------ SOURCE DATA ------

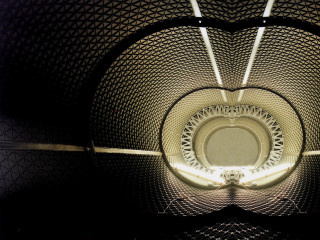 Large metal object circular design 3 - anish kapoor free wallpaper for desktop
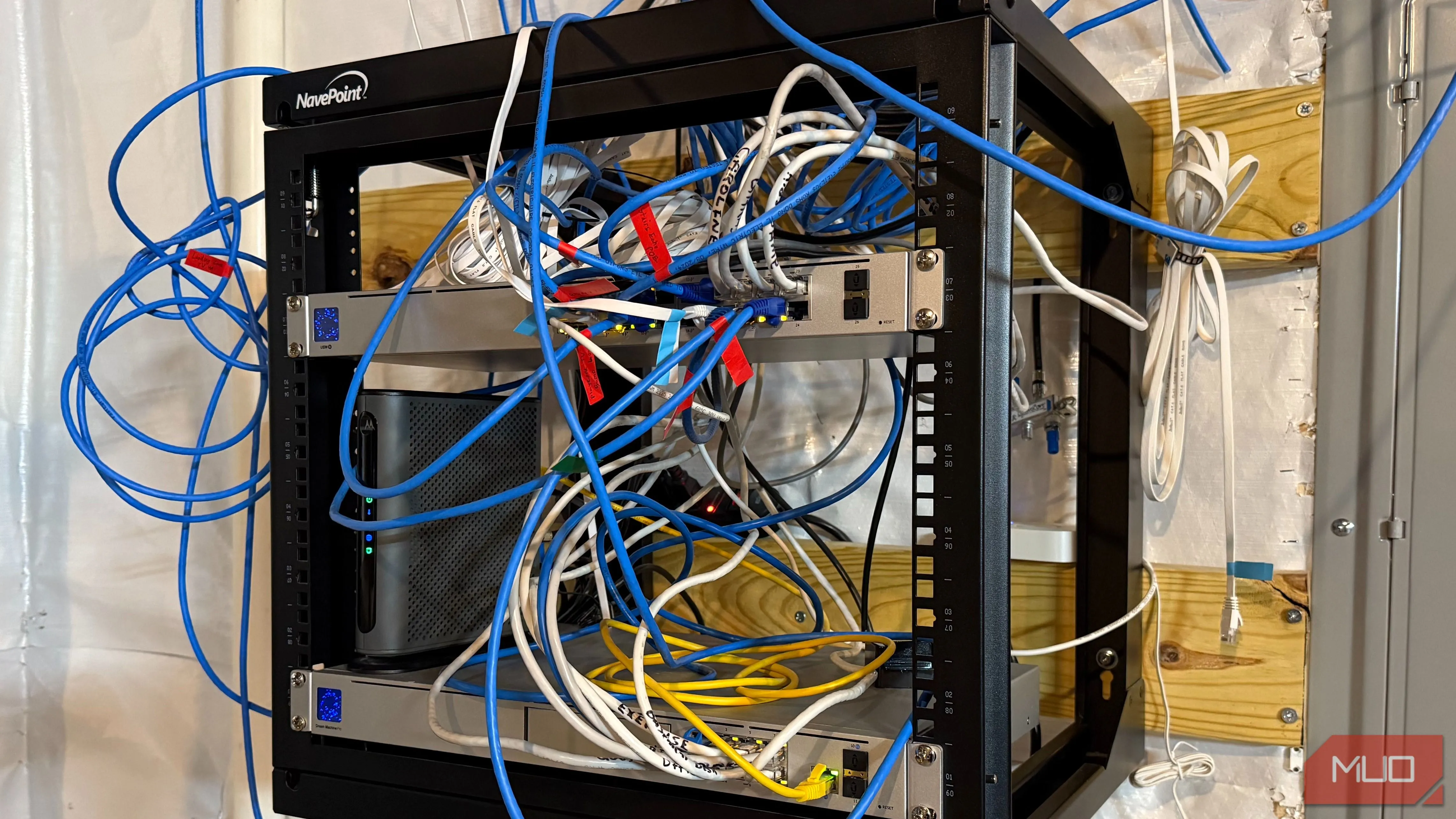 Access point Ubiquiti lắp ở tầng hầm, hệ thống mạng gia đình với nhiều AP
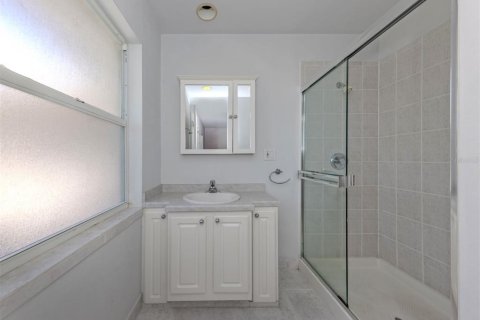 House in Venice, Florida 3 bedrooms, 135.27 sq.m. № 2391401 - photo 21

------

DESCRIPTION OF THE TASK ▸
Repeat the data word for word; drop the pictures.

SOLVED EXERCISE ▸
 Large metal object circular design 3 - anish kapoor free wallpaper for desktop
 Access point Ubiquiti lắp ở tầng hầm, hệ thống mạng gia đình với nhiều AP
 House in Venice, Florida 3 bedrooms, 135.27 sq.m. № 2391401 - photo 21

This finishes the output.